[[ Supplied data open ]]

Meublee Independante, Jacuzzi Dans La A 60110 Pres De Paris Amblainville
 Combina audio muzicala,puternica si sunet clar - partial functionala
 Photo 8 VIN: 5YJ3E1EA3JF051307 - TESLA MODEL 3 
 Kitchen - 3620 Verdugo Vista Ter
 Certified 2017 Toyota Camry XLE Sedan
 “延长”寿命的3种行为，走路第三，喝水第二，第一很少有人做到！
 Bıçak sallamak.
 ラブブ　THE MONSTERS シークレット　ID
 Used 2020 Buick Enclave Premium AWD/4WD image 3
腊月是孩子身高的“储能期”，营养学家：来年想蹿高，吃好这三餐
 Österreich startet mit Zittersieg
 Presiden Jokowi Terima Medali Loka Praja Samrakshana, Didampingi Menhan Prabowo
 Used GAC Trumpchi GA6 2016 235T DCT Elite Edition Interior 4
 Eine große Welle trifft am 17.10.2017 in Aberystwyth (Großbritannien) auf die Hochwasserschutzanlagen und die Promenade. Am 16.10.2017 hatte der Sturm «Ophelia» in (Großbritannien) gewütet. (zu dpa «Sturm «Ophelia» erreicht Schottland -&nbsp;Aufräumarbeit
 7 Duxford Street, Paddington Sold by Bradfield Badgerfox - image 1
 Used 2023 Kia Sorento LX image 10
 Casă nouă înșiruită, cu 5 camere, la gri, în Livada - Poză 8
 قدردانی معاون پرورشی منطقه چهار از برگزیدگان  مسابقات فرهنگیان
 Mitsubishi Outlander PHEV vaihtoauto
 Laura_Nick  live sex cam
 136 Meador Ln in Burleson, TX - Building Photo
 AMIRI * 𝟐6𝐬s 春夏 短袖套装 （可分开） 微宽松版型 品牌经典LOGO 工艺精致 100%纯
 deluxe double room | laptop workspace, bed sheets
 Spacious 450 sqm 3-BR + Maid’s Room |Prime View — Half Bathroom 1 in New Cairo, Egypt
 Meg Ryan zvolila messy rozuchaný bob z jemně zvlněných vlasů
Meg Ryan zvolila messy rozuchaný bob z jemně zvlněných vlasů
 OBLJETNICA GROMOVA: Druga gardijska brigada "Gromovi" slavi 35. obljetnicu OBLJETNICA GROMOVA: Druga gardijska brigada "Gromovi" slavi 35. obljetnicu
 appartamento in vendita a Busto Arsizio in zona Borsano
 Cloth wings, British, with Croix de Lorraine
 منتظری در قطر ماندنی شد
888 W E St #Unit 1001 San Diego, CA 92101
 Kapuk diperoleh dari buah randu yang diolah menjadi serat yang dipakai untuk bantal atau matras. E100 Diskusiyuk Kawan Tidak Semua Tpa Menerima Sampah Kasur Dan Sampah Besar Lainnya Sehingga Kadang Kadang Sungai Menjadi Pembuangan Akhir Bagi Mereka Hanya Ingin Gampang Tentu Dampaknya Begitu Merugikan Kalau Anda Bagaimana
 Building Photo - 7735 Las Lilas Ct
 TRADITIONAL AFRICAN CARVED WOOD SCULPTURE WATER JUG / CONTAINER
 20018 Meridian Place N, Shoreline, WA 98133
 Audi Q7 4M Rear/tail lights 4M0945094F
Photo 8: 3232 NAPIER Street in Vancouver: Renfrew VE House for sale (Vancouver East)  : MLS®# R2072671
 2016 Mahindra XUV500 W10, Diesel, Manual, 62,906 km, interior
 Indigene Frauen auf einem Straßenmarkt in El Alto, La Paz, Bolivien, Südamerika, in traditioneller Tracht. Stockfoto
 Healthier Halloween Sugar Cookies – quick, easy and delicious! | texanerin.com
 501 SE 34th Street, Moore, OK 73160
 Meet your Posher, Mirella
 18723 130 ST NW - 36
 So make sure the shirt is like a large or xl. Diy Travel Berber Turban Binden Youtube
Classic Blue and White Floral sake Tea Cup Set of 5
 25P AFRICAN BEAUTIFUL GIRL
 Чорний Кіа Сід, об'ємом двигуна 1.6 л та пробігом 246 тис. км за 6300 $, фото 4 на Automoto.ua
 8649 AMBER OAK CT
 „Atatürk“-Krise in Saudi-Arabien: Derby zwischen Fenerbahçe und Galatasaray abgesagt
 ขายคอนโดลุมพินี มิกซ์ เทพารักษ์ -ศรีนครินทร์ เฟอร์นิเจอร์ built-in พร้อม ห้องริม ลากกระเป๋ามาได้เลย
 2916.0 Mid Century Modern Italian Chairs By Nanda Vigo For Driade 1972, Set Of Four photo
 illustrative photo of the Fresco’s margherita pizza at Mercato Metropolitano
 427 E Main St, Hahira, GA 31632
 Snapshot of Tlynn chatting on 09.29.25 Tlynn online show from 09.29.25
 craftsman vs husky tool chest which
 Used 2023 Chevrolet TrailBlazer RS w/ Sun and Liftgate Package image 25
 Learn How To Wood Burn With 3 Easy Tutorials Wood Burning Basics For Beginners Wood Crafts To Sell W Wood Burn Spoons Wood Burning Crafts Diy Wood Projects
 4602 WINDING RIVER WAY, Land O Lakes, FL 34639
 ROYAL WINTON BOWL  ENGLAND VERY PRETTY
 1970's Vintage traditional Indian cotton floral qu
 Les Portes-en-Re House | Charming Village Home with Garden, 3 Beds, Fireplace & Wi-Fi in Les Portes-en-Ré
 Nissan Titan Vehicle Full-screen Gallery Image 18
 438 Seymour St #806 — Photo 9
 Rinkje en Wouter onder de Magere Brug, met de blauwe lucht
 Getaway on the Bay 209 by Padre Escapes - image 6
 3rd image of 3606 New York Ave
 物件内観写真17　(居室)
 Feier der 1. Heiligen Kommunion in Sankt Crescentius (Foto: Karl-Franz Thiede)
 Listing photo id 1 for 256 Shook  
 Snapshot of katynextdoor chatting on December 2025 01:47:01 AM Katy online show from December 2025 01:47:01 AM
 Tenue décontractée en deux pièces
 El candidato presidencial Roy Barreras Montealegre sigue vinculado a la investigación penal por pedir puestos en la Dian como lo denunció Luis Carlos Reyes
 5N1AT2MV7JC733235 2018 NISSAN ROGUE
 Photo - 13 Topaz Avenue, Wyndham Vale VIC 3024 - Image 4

[[ Supplied data closed ]]

- **What to produce**
Beginning at the top of the data, please return every line until and including the line containing "Used GAC Trumpchi", copied exactly, and nothing past it.

- **Solved problem**
Meublee Independante, Jacuzzi Dans La A 60110 Pres De Paris Amblainville
 Combina audio muzicala,puternica si sunet clar - partial functionala
 Photo 8 VIN: 5YJ3E1EA3JF051307 - TESLA MODEL 3 
 Kitchen - 3620 Verdugo Vista Ter
 Certified 2017 Toyota Camry XLE Sedan
 “延长”寿命的3种行为，走路第三，喝水第二，第一很少有人做到！
 Bıçak sallamak.
 ラブブ　THE MONSTERS シークレット　ID
 Used 2020 Buick Enclave Premium AWD/4WD image 3
腊月是孩子身高的“储能期”，营养学家：来年想蹿高，吃好这三餐
 Österreich startet mit Zittersieg
 Presiden Jokowi Terima Medali Loka Praja Samrakshana, Didampingi Menhan Prabowo
 Used GAC Trumpchi GA6 2016 235T DCT Elite Edition Interior 4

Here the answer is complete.